(Data to process):
=== Begin Enclosure ===
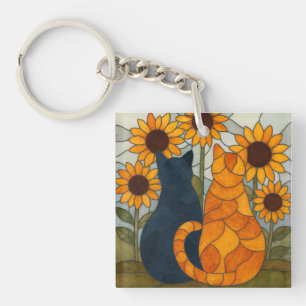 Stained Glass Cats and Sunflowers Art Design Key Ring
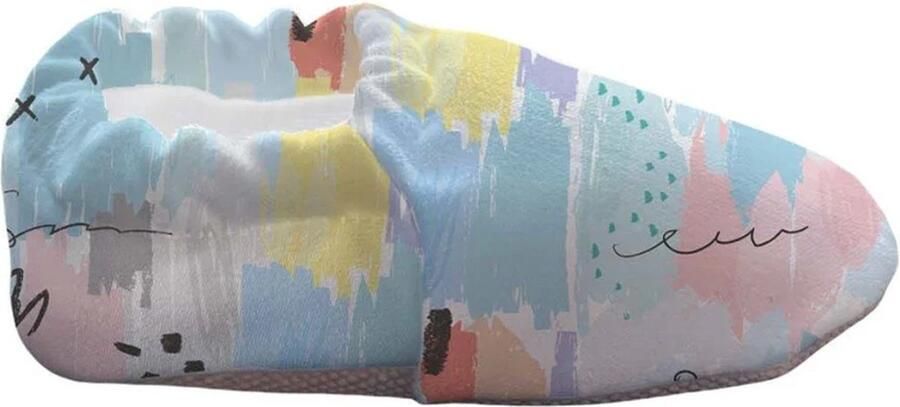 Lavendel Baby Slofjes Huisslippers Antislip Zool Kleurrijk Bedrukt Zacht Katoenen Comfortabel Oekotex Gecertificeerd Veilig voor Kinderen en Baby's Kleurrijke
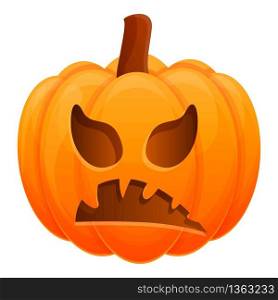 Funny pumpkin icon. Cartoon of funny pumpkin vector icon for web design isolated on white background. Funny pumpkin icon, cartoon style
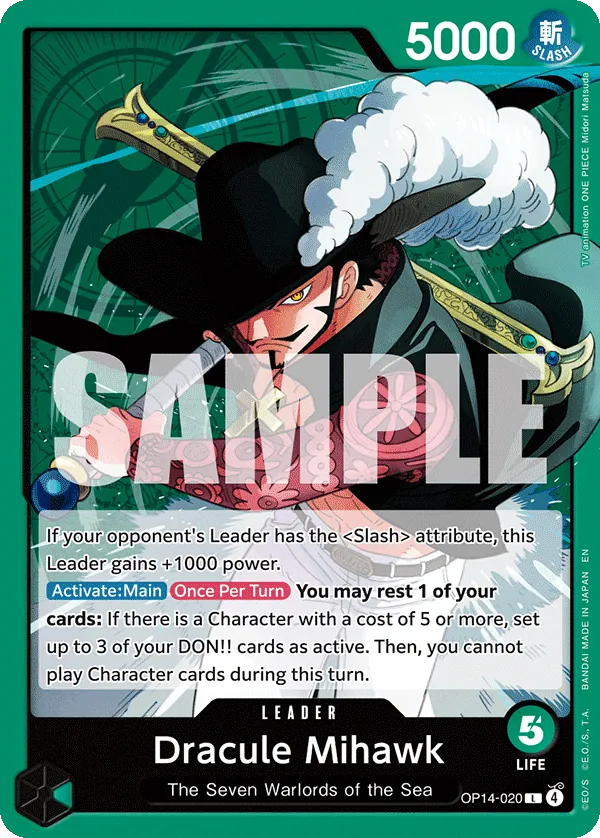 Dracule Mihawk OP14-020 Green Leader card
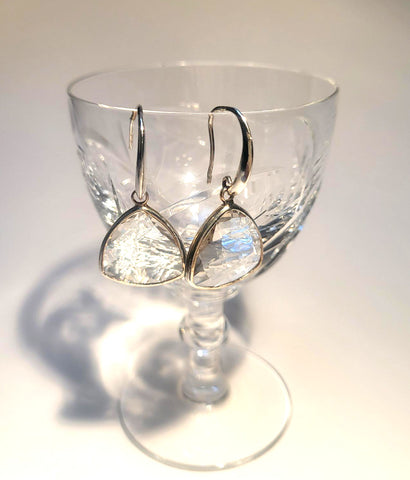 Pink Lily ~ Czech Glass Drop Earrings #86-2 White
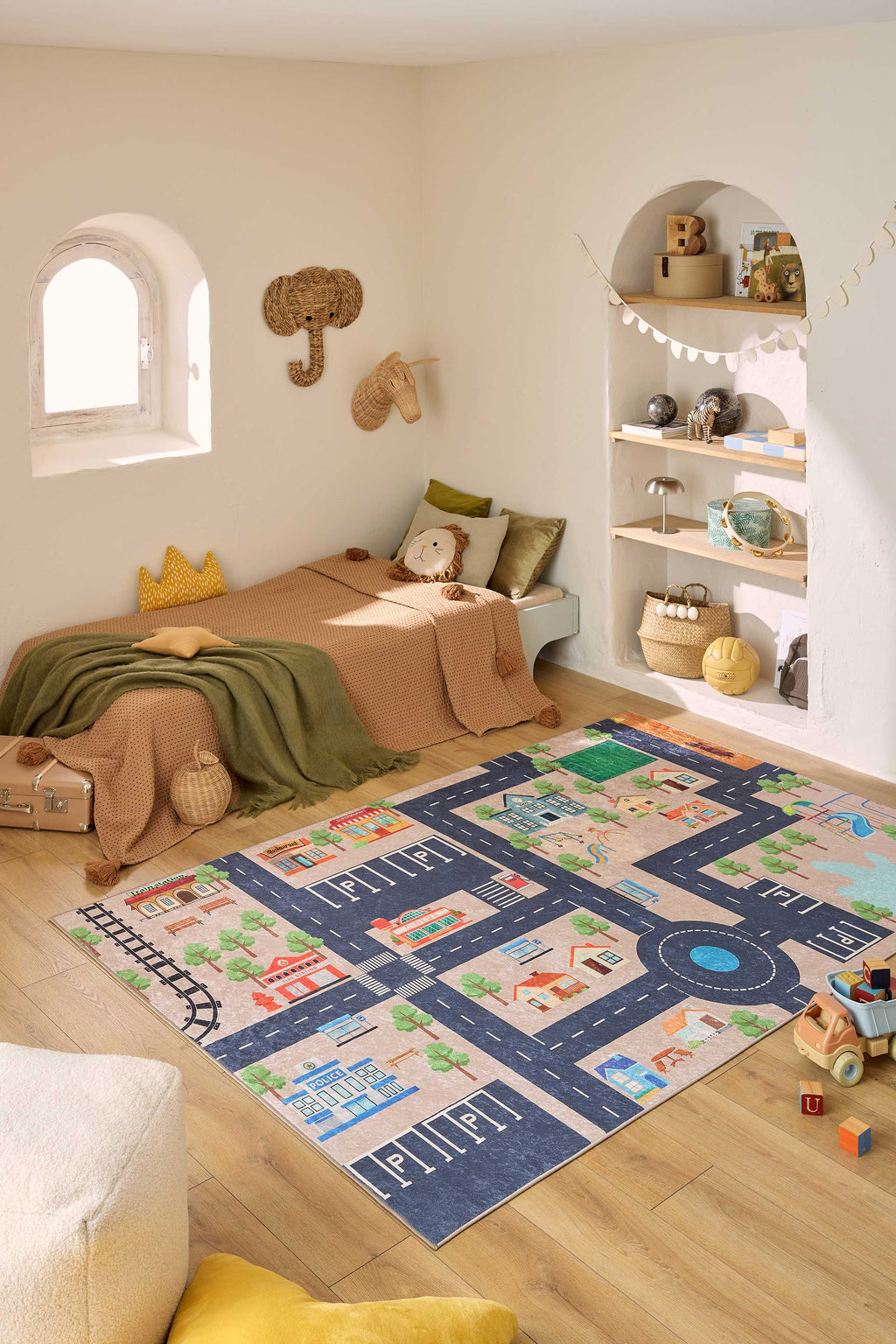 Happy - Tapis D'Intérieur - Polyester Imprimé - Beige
=== End Enclosure ===
=== Begin Enclosure ===
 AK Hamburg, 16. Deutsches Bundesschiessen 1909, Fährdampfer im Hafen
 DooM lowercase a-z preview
=== End Enclosure ===
(Activity): In the entries above, find the line with "Dracule Mihawk OP14-020 Green Leader card" and the line with "Happy - Tapis". Write out exactly those two lines and every line between them, pictures excluded.

(Your solution):
 Dracule Mihawk OP14-020 Green Leader card
 Pink Lily ~ Czech Glass Drop Earrings #86-2 White
 Happy - Tapis D'Intérieur - Polyester Imprimé - Beige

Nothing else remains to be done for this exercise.